New laws in the European Union require cryptocurrency enterprises to obtain a license and demand that stablecoin issuers retain reserves similar to those held by banks as part of the bloc's historic move to regulate a chaotic market.
Following nearly two years of discussions, the European Council and Parliament agreed on Thursday on the Markets in Crypto-Assets (MiCA) plan to put digital asset enterprises within a legal framework for the first time. The tentative agreement is subject to final approval before it is fully enacted.

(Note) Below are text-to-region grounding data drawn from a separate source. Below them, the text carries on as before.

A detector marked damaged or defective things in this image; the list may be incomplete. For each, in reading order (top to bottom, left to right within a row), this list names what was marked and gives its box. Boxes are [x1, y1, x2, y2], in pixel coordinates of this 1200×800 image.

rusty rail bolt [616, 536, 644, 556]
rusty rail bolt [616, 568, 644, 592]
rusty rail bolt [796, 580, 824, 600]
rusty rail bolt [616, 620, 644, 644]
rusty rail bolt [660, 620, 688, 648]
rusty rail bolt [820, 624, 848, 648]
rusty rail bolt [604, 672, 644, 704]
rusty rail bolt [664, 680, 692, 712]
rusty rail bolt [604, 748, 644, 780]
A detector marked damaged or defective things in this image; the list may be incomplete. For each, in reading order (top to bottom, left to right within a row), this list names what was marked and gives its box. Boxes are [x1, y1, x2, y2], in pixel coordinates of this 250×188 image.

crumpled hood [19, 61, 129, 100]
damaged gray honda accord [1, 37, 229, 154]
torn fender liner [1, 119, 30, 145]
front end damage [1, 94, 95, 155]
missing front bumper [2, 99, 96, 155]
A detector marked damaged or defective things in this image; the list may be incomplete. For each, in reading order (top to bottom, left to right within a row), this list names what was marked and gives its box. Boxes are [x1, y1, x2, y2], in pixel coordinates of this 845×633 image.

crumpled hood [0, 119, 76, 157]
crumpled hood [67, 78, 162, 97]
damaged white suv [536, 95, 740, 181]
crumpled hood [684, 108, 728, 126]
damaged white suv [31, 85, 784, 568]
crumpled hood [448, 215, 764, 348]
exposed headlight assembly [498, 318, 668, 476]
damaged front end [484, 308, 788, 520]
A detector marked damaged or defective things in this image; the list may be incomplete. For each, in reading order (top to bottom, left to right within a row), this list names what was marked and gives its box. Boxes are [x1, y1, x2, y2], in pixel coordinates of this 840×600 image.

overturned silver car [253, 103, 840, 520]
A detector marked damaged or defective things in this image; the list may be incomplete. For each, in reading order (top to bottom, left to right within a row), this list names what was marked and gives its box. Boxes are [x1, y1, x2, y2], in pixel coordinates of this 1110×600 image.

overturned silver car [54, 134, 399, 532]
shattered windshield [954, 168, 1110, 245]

"Recent developments in this rapidly changing industry have reinforced the urgent need for EU-wide regulation," said Bruno Le Maire, France's minister of economy, finance, industrial and digital sovereignty, in a statement. "These significant rules bring the crypto wild west to an end and underlines the EU's position as a standard-setter for digital matters."
Under the new MiCA laws, crypto service providers will be held accountable if they lose the assets of their customers and will be subject to European market-abuse regulations, such as those governing market manipulation and insider trading.

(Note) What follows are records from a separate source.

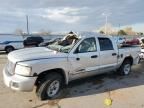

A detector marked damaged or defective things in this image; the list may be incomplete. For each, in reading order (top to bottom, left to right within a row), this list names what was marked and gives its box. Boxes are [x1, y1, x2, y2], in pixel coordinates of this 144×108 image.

crumpled hood [8, 46, 67, 62] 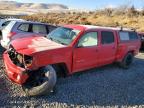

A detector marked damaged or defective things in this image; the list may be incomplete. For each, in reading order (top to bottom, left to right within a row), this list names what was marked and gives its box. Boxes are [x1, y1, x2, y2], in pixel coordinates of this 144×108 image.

crumpled hood [11, 36, 65, 54]
damaged front bumper [3, 51, 28, 84] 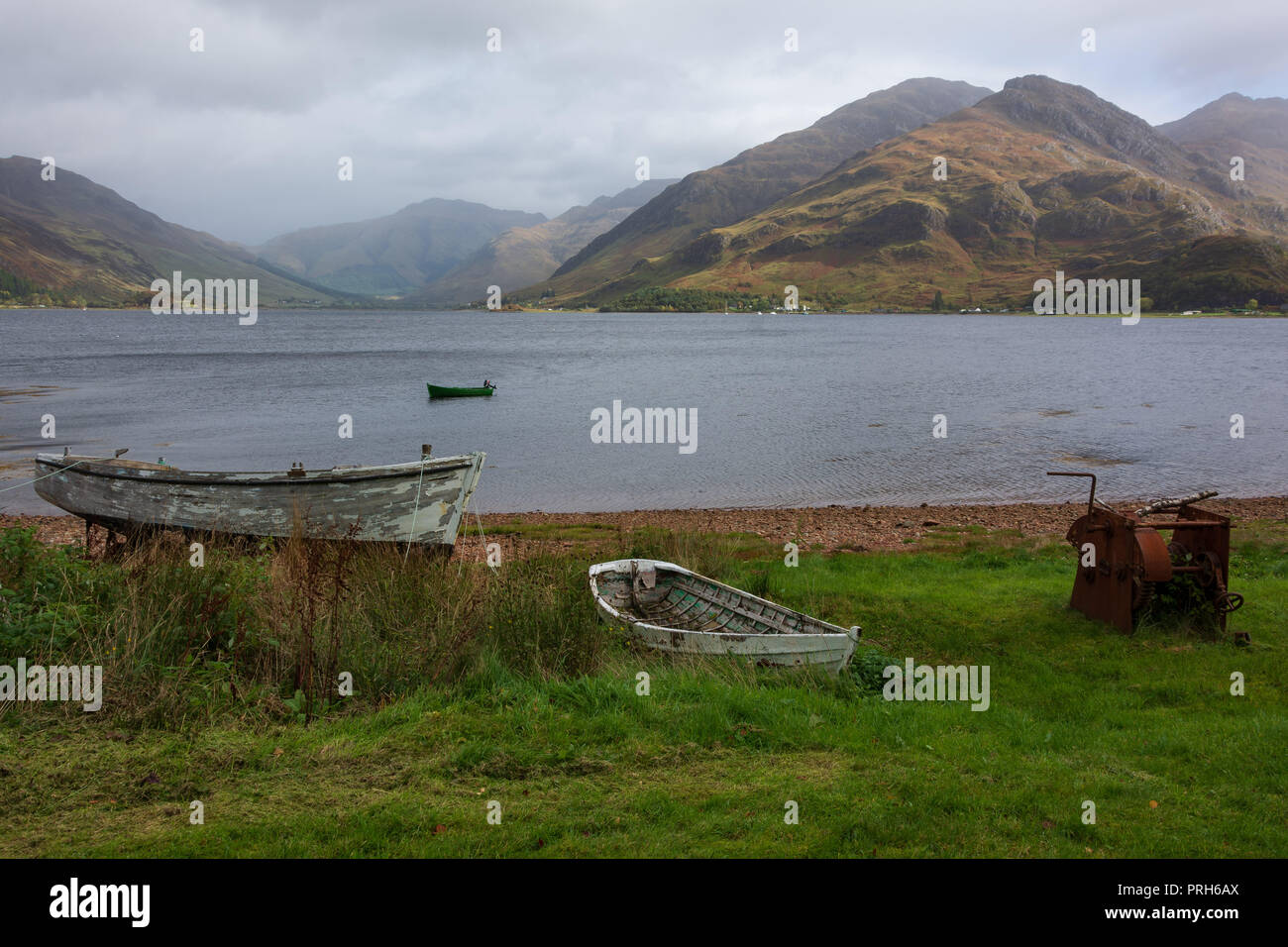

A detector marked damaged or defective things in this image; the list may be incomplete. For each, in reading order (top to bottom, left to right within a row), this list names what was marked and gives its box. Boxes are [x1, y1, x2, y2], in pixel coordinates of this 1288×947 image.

rusty metal machinery [1050, 472, 1241, 641]
rusted winch drum [1050, 474, 1241, 644] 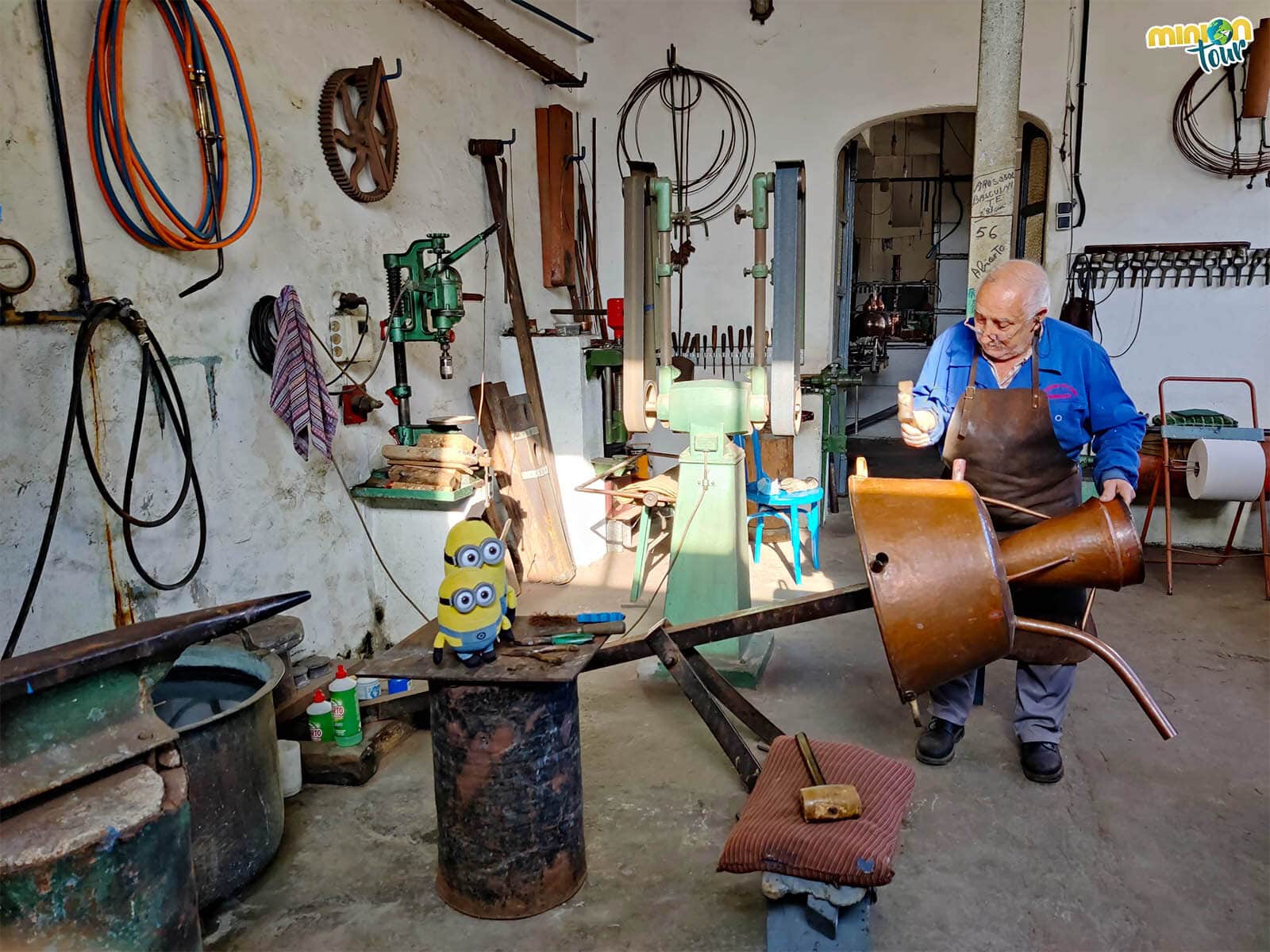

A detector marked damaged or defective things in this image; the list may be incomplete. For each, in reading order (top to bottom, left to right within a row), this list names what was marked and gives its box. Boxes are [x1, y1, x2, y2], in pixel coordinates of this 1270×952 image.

burnt metal drum [848, 474, 1016, 705]
rusty metal sheet [848, 474, 1016, 705]
burnt metal drum [154, 650, 286, 908]
burnt metal drum [429, 680, 581, 919]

The measures do not address several hot-button problems in the crypto realm, such as proof-of-work, which legislators first sought to address from an environmental standpoint, given the massive amounts of energy required to mine various coins. Non-fungible cryptocurrency and decentralized financial initiatives were also excluded.
However, MiCA does outline new restrictions for stablecoins, which are crypto-assets supposed to be tied to another asset, often the dollar or euro. Stablecoins are at the center of the crypto economy, functioning as the backbone of all liquidity and offering a reliable store of value in a tumultuous market.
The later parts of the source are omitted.